The concept is to provide intentional times of relationship-building when your teen knows he or she will have a chance to share and be listened to. For more reserved teens, it can be helpful to know when they will be asked to participate in meaningful conversation. You can even incorporate this into your family’s holiday and milestone traditions, inviting comparison and celebration of personal growth, from one year to the next.
Gifts Can Be Reciprocated
In Part 2, we mentioned the idea that offering relational questions, as well as listening to the answers, can be the beginning of a conversation. Depending on the personality and maturity of your teen, hopefully at some point, questions will come back your way. You should not expect or manipulate such a return, but you can anticipate it.
When you offer your own experience or perspective as “unsolicited advice,” it may well fall on deaf ears; however, when your teen asks you? The opportunity is golden! While hoping for reciprocation cannot be your main motivation in starting the conversation, it can certainly be a benefit. When you do receive a question in return, it’s important that you view it as a love-gift and appreciate and savor it before launching into a lecture that far outweighs that 5-to-1 ratio!
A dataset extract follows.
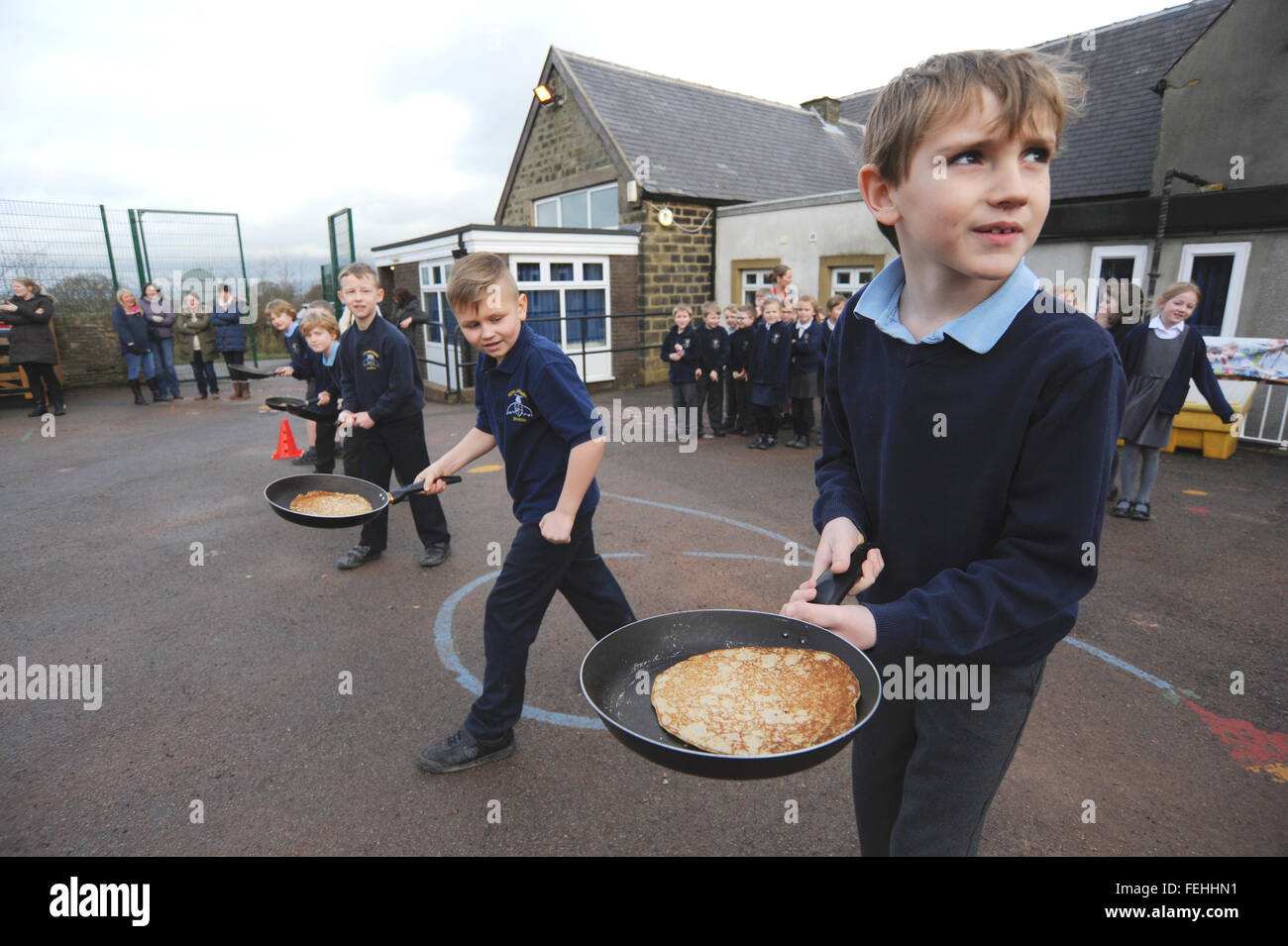 Schule Kinder freuen sich über ein Pfannkuchen-Rennen. Stockfoto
Rather than launching into a monologue, you can share a little and then ask your teen another question. Starting with phrases like “Don’t you think” or “Do you remember the time” or “Have you thought about what would happen if” can utilize the right-brain activity that’s more likely to produce an emotional and action-oriented response.
Gifts Can Be Re-Gifted
Today’s teens and young adults often struggle socially with face-to-face interactions, largely due to their dependence on technology. As you love your teen by asking meaningful questions and listening with empathy, you are modelling skills that are often lacking in his peers. As your teen develops those “soft skills” that apply to all relationships and gains confidence in using them at home, he will be more likely to use them in interacting with his peers, teachers, coaches, and others. Not only will this position him as a leader among his peers, but it will also allow those conversation skills to enhance the lives of others. It truly is a gift that keeps giving!